# [Exercise data]
┄┄┄┄┄┄┄┄┄┄┄┄┄┄┄┄┄┄┄┄
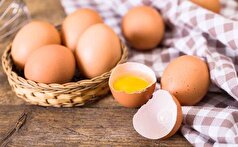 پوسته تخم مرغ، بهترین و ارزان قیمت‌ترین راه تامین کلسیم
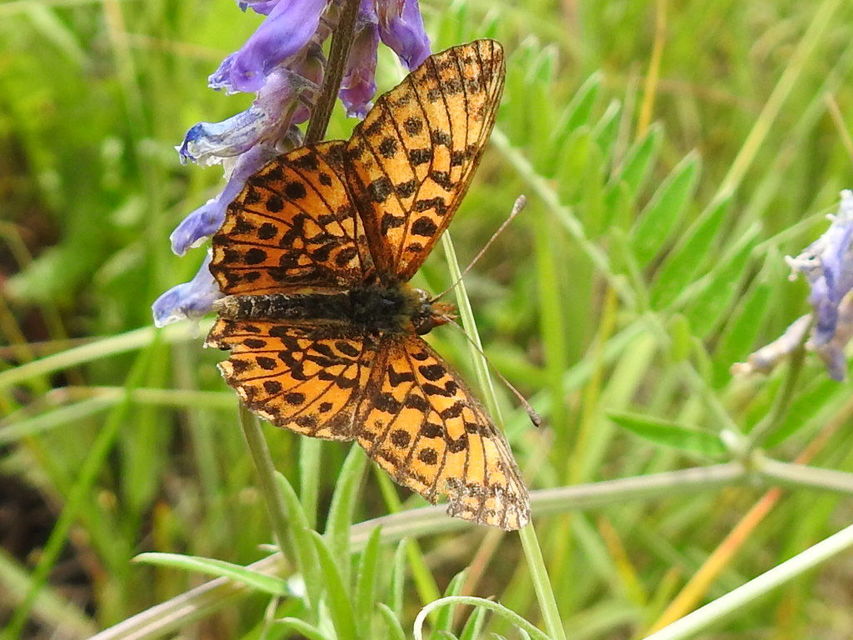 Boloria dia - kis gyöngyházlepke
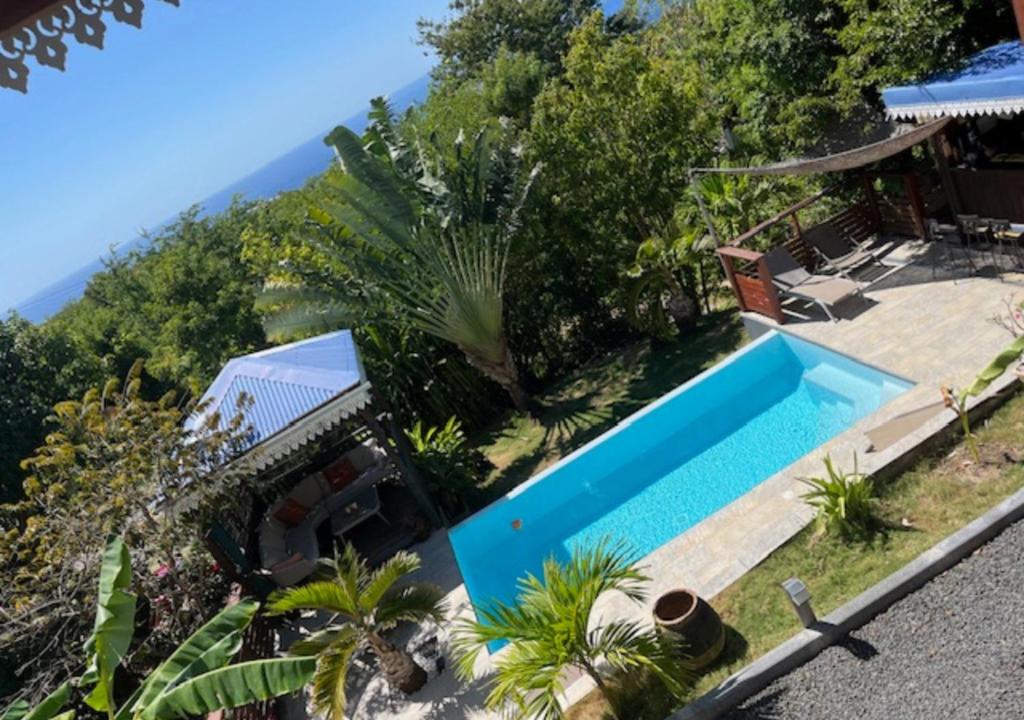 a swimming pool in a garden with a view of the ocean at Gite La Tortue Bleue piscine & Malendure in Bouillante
┄┄┄┄┄┄┄┄┄┄┄┄┄┄┄┄┄┄┄┄
The copy must start at the line containing "Boloria dia - kis gyöngyházlepke" and stop at the last line of the listing, both included, with every line exact and no pictures.

 Boloria dia - kis gyöngyházlepke
 a swimming pool in a garden with a view of the ocean at Gite La Tortue Bleue piscine & Malendure in Bouillante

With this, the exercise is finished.